Google Groups no longer supports new Usenet posts or subscriptions. Historical content remains viewable.
Dismiss

Queries to a positively cached zone are failing (phila.gov)

4 views
Skip to first unread message

Greg Chavez

unread,
Mar 14, 2006, 12:29:20 PM3/14/06
to
I work at a large .gov gateway whose BIND servers cannot resolve any
queries for phila.gov. I see bad domains all the time, and a quick
dump of the cache and a dig here and a dig there usually point to one
or more bad name servers. I've had this problem in the past with
phila.gov, a zone that our mail servers hit very often; usually, our
mail queues will get a little high until our forwarders replace their
caches with a fresh iterative query to the zone's working name server.
Life goes on.

We are experiencing a total phila.gov blackout right now. All queries
for it time out. But this time, we have both of phila.gov's name
servers in our cache with glue:

# grep -i phila.gov named_dump.db
phila.GOV. 85957 NS DNS.phila.gov.
85957 NS DNS2.phila.gov.
DNS.phila.GOV. 85957 A 170.115.249.10
DNS2.phila.GOV. 85957 A 170.115.249.11

If I do digs @ either NS IP, I get answers. Digs using my forwarders
time out. Dig traces get me the NS records for the dot-gov servers

Clearing my cache has no effect. I am utterly stumped... everything I
have ever seen before tells me that my name server *should* be seeing
this domain. What awful assumption(s) are keeping me from seeing the
problem?

Bind is a bit crusty: 9.2.2p3.

--
--Greg Chavez
--


Barry Margolin

unread,
Mar 14, 2006, 4:56:07 PM3/14/06
to
In article <dv72aj$17ac$1...@sf1.isc.org>,
"Greg Chavez" <greg....@gmail.com> wrote:

> I work at a large .gov gateway whose BIND servers cannot resolve any
> queries for phila.gov. I see bad domains all the time, and a quick
> dump of the cache and a dig here and a dig there usually point to one
> or more bad name servers. I've had this problem in the past with
> phila.gov, a zone that our mail servers hit very often; usually, our
> mail queues will get a little high until our forwarders replace their
> caches with a fresh iterative query to the zone's working name server.
> Life goes on.
>
> We are experiencing a total phila.gov blackout right now. All queries
> for it time out.

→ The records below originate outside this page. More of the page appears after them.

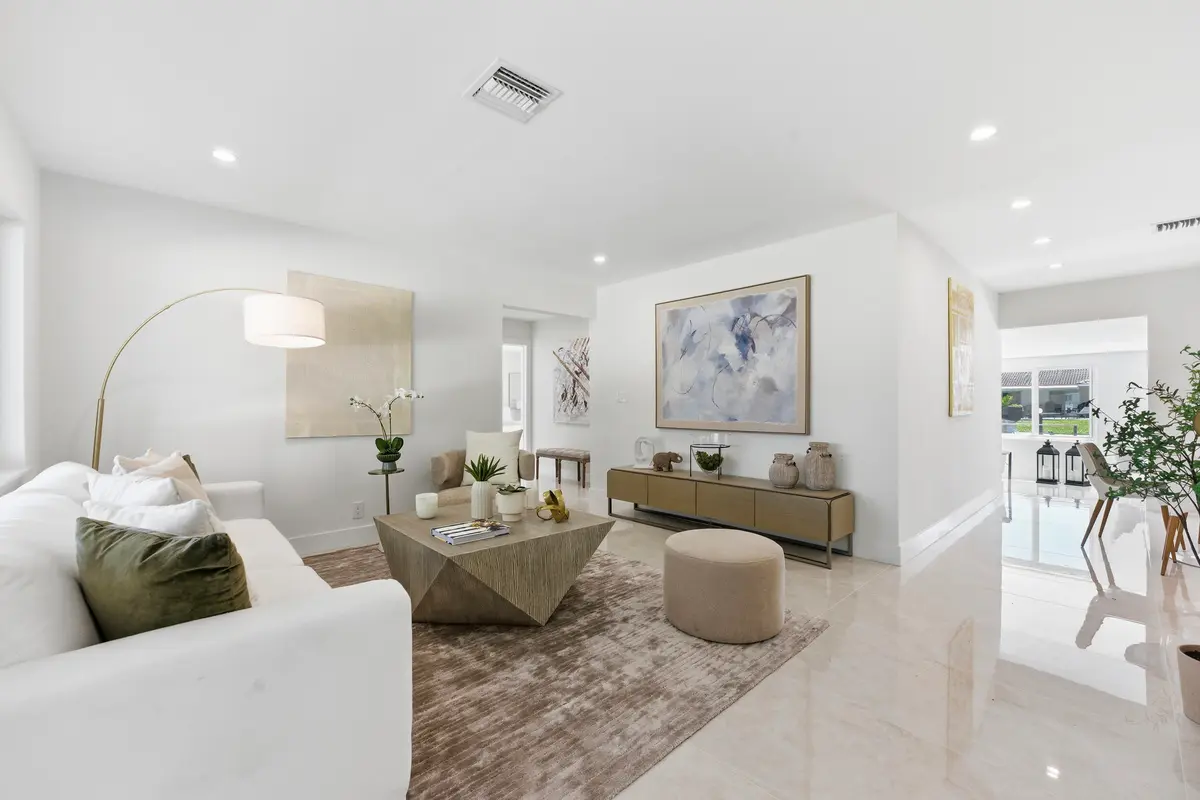 _jjl9332 at 2280 SE 10th Court, Pompano Beach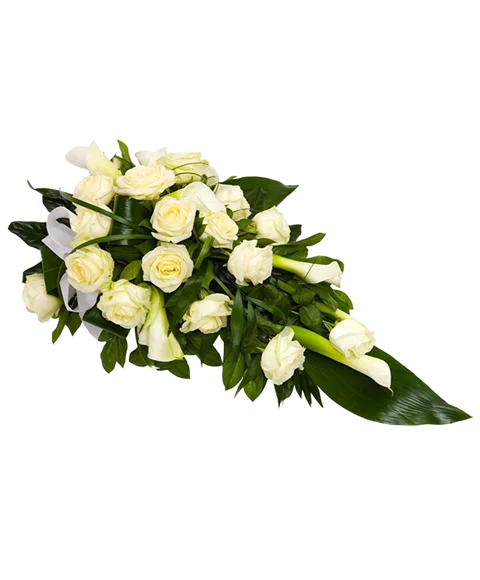 Composizione Elegante Rose Bianche e Verdi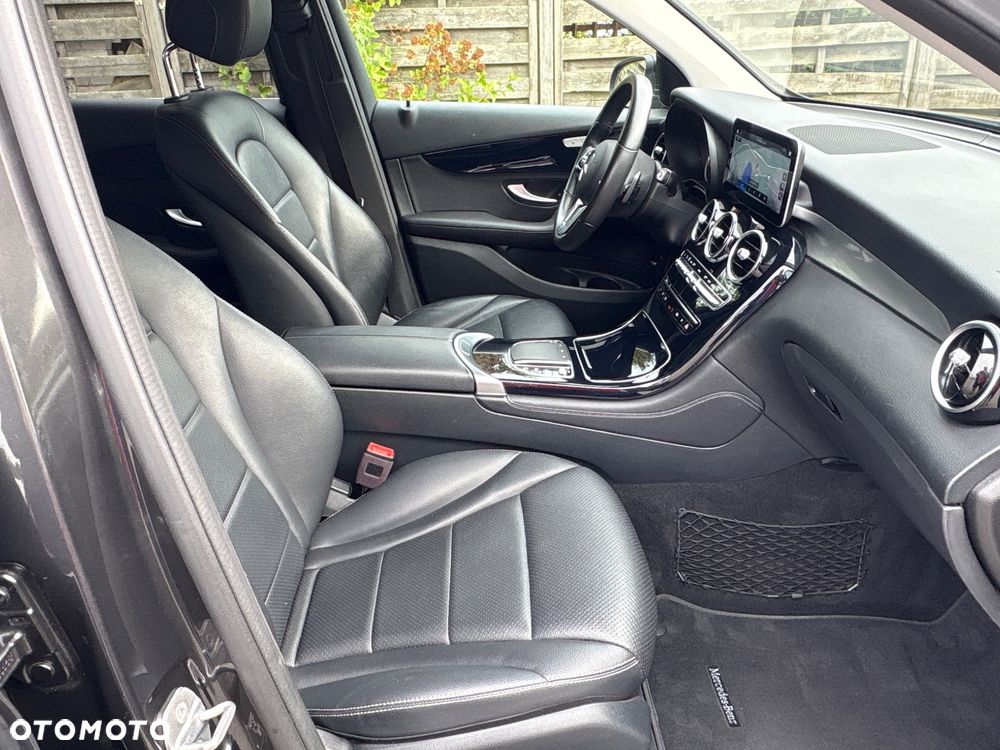 Mercedes-Benz GLC 200 d Business Edition - 16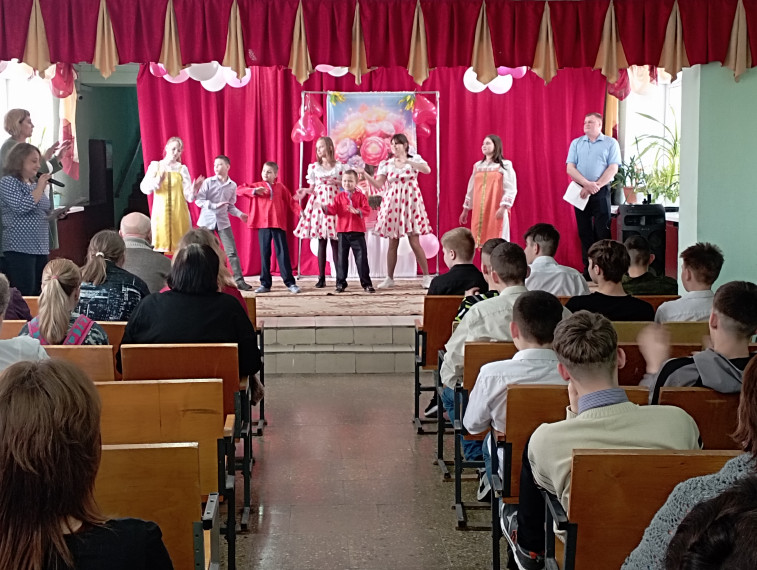 Праздничный концерт, посвященный Международному женскому дню 8 марта.
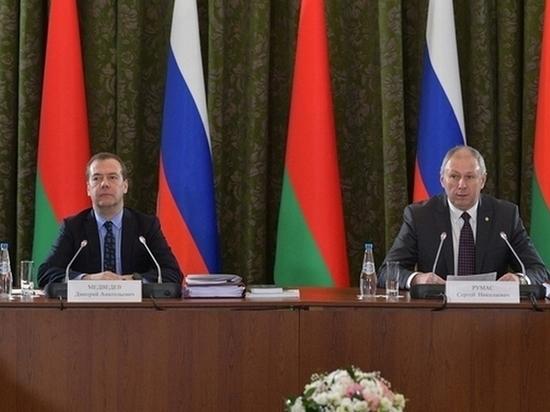 Медведев обсудит с главой правительства Белоруссии ситуацию с нефтью
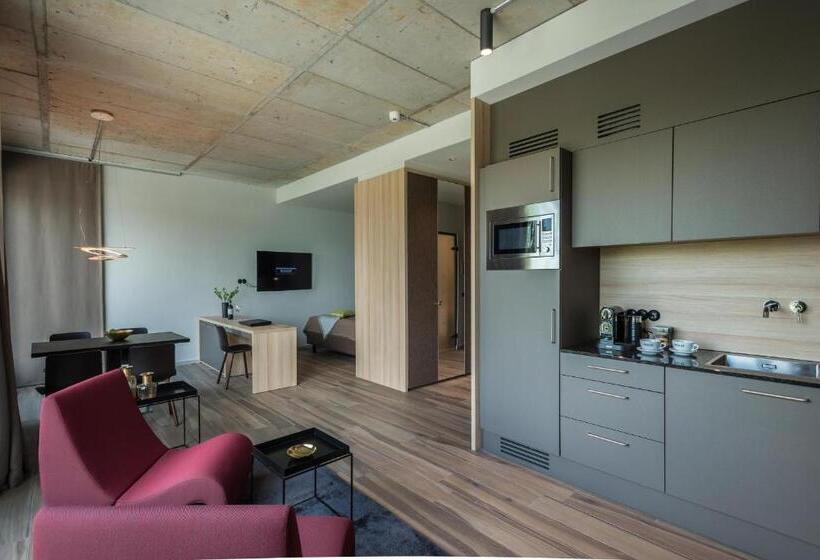 هتل Golden Ball, Exclusive Serviced Apartments Munich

But this time, we have both of phila.gov's name
> servers in our cache with glue:
>
> # grep -i phila.gov named_dump.db
> phila.GOV. 85957 NS DNS.phila.gov.
> 85957 NS DNS2.phila.gov.
> DNS.phila.GOV. 85957 A 170.115.249.10
> DNS2.phila.GOV. 85957 A 170.115.249.11
>
> If I do digs @ either NS IP, I get answers. Digs using my forwarders
> time out. Dig traces get me the NS records for the dot-gov servers

Rather than dump your cache, you need to look at the forwarder's cache.
And what happens if you try to query the nameservers from the forwarder?

--
Barry Margolin, bar...@alum.mit.edu
Arlington, MA
*** PLEASE post questions in newsgroups, not directly to me ***
*** PLEASE don't copy me on replies, I'll read them in the group ***


Greg Chavez

unread,
Mar 14, 2006, 6:18:15 PM3/14/06
to
On 3/14/06, Barry Margolin <bar...@alum.mit.edu> wrote:
> In article <dv72aj$17ac$1...@sf1.isc.org>,
> "Greg Chavez" <greg....@gmail.com> wrote:
>
> > We are experiencing a total phila.gov blackout right now. All queries
> > for it time out. But this time, we have both of phila.gov's name
> > servers in our cache with glue:
> >
> > # grep -i phila.gov named_dump.db
> > phila.GOV. 85957 NS DNS.phila.gov.
> > 85957 NS DNS2.phila.gov.
> > DNS.phila.GOV. 85957 A 170.115.249.10
> > DNS2.phila.GOV. 85957 A 170.115.249.11
> >
> > If I do digs @ either NS IP, I get answers. Digs using my forwarders
> > time out. Dig traces get me the NS records for the dot-gov servers
>
> Rather than dump your cache, you need to look at the forwarder's cache.
> And what happens if you try to query the nameservers from the forwarder?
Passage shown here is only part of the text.